Task brief:
Where an entry below contains an image, skip the image and reproduce the rest exactly.

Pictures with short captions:
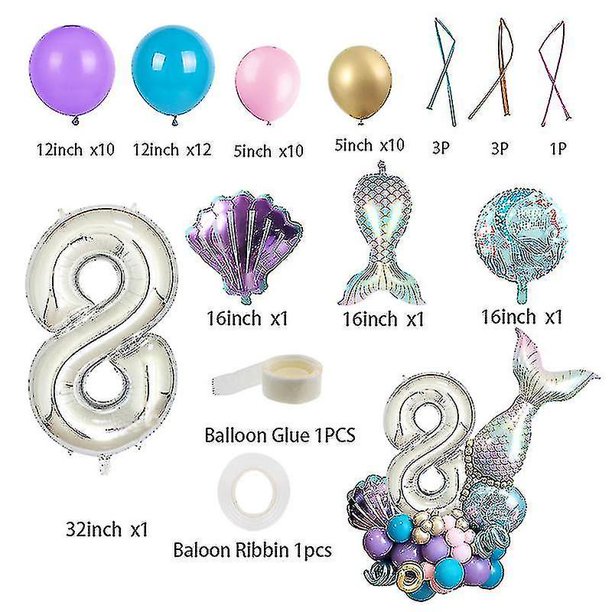 1 año de edad, juego de globos de sirena digital de 32 pulgadas, Shell, cumpleaños para niños, Bab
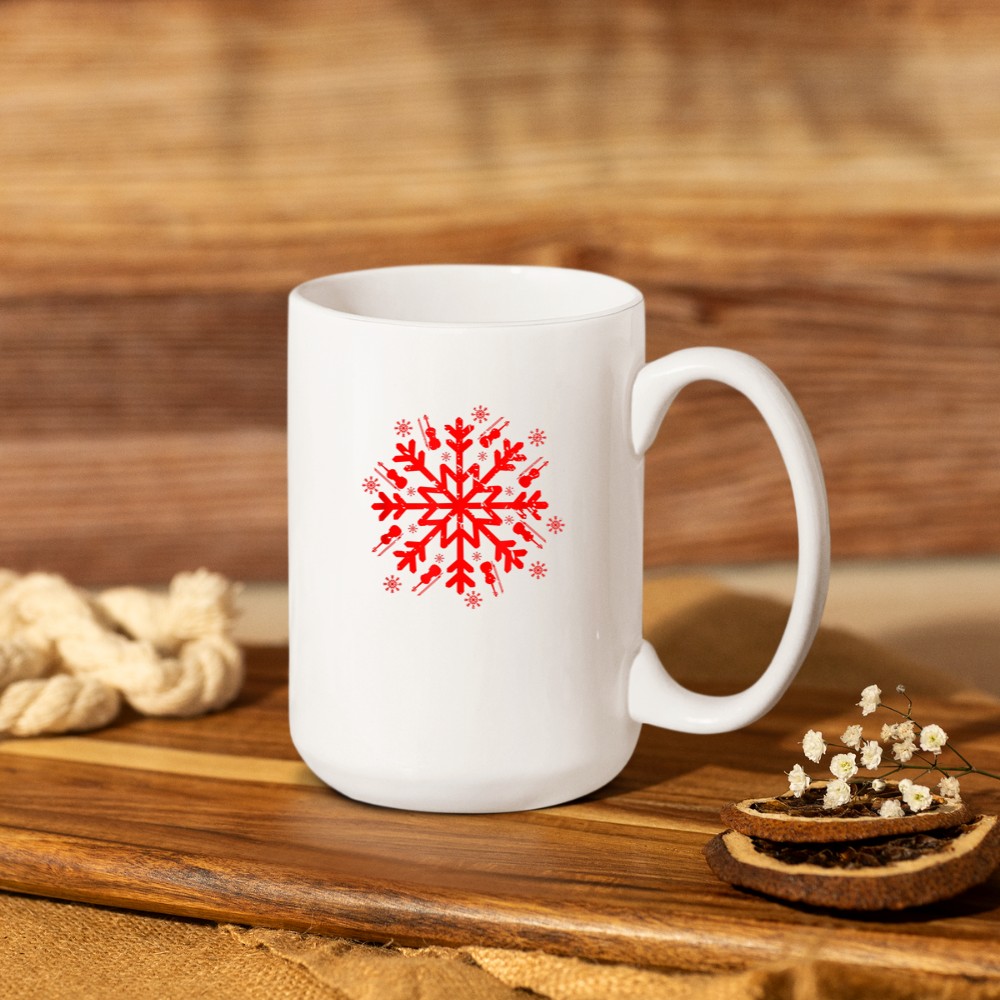 Orchestra Violin Player Snowflake Christmas Day Gift Violin Mug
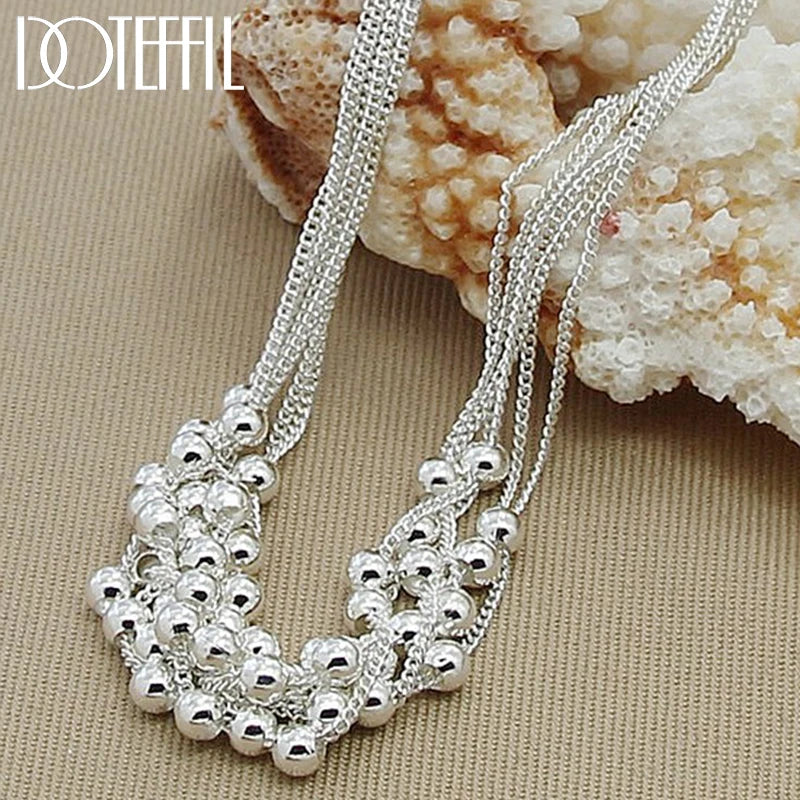 925 Sterling Silver Multi-Chain Grapes Beads Smooth Ball Necklace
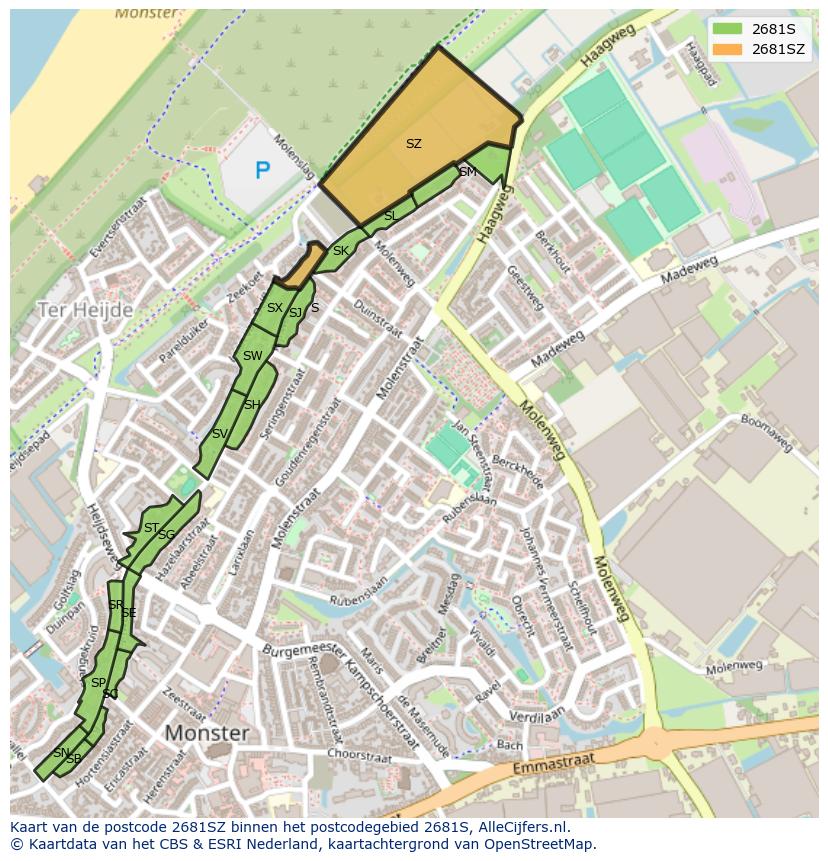 Afbeelding van het postcodegebied 2681 SZ op de kaart.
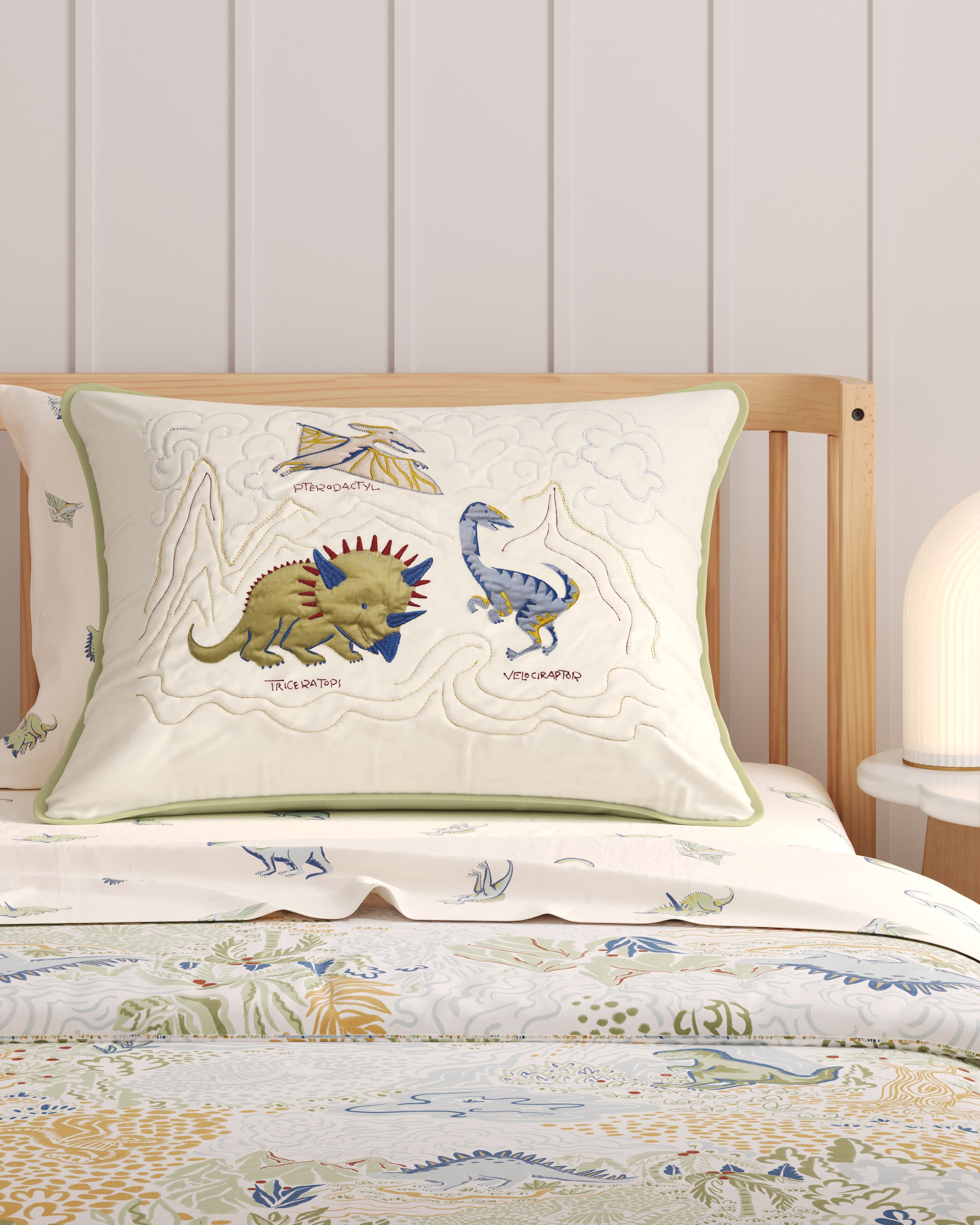 Dinosaur Island Embroidered Twin Sham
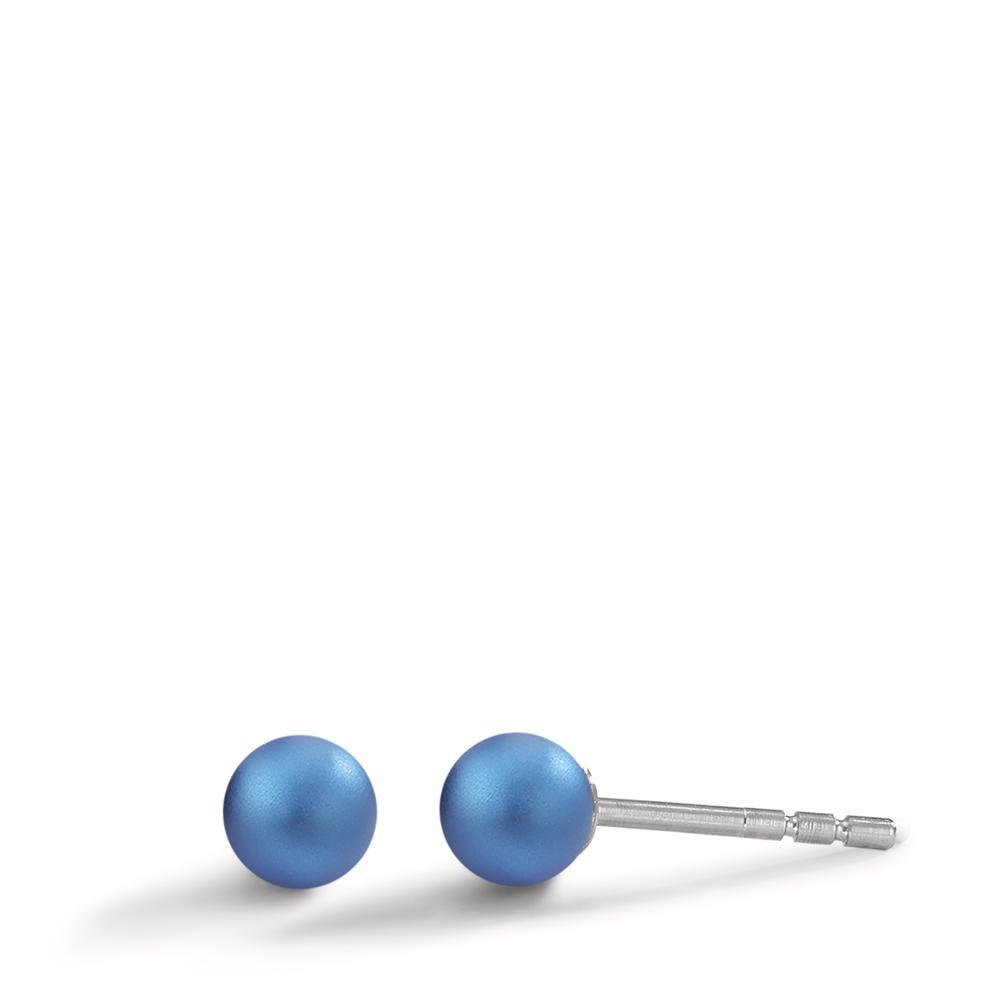 Stud earrings Stainless steel, Aluminum Ø4 mm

Answer to the exercise:
 1 año de edad, juego de globos de sirena digital de 32 pulgadas, Shell, cumpleaños para niños, Bab
 Orchestra Violin Player Snowflake Christmas Day Gift Violin Mug
 925 Sterling Silver Multi-Chain Grapes Beads Smooth Ball Necklace
 Afbeelding van het postcodegebied 2681 SZ op de kaart.
 Dinosaur Island Embroidered Twin Sham
 Stud earrings Stainless steel, Aluminum Ø4 mm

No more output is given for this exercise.